The museum is the result of a love of art. All pieces are bought by Marie-Louise and Gunnar Didrichsen together. It was important to them that they both liked the artworks.
The collection consists of Finnish art from the 20th century among others Edelfelt, Cawén, Schjerfbeck, Särestöniemi, Linnovaara, Hiltunen and Pullinen. In the modern international art collection there are works by: Picasso, Kandinsky, Miró, Léger, Moore, Giacometti and Arp.
The museum also holds Finland’s only Pre-Columbian art collection and a collection of Oriental art.

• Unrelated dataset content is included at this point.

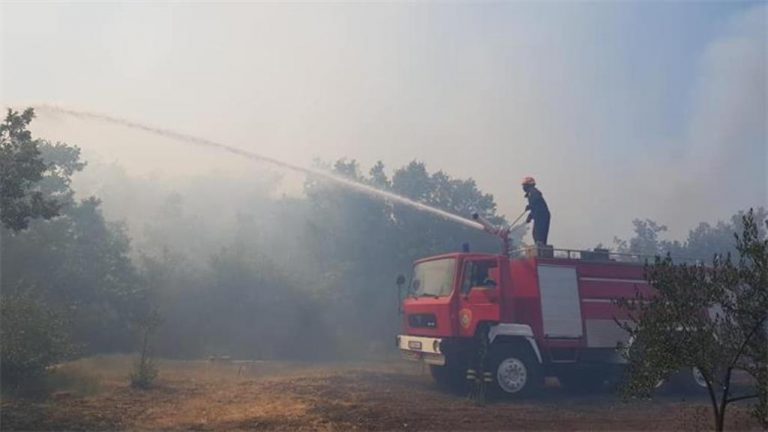 Požar kod Oklaja još uvijek aktivan: Gori površina od 370 hektara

With Pre-Columbian art we understand complex and highly developed American Indian cultures in Mesoamerica and the Andean area of South America from 2000 B.C. to the 14th century A.D.
The following Mesoamerican cultures are represented in the collection: Olmec, Teotihuacan, Zapotec, Mixtec, Huastec, Maya, Aztec and cultures of Western Mexico and Central Veracruz. From the Andean area: e.g. Chavin, Paracas, Nasca, Moche and Inca.
The oriental art collection is dominated by Chinese art from the Shang-dynasty (abt 1500-1028) B.C. to the Ming-dynasty (1368-1644). The collection also includes art from the Far and Near East.
Villa Didrichsen was designed by architect Viljo Revell (1910-1965) in 1958-59. Six year later the art collection was placed in a new annex connected to the villa. In the cosy museum art and architecture meet with the surrounding nature. The garden is not filled with sweet flowers but instead with sculptures such as Henry Moore’s Reclining Figure on Pedestal (1960), Atom Piece (1964) and Eila Hiltunen’s Crescendo with the dedication words: “In Memoriam Marie-Louise Didrichsen”.
When Viljo Revell worked as Alvar Aalto’s assistant he accepted a modest and humanistic modernism. From his early romantic styled architecture he soon emerged towards rationalism. Developing an even stricter rationalism in the 50’s he soon followed his master Le Corbusier‘s example.
Just at that time there was a new concrete wave in England called brutalism. The concrete was not smoothened or covered-up but instead it was left bare so that the tracks of the mots could be seen. This style is characterized by horisontalism. All overdimensioned and heavy forms step forward when again the supplements are left behind the frontier.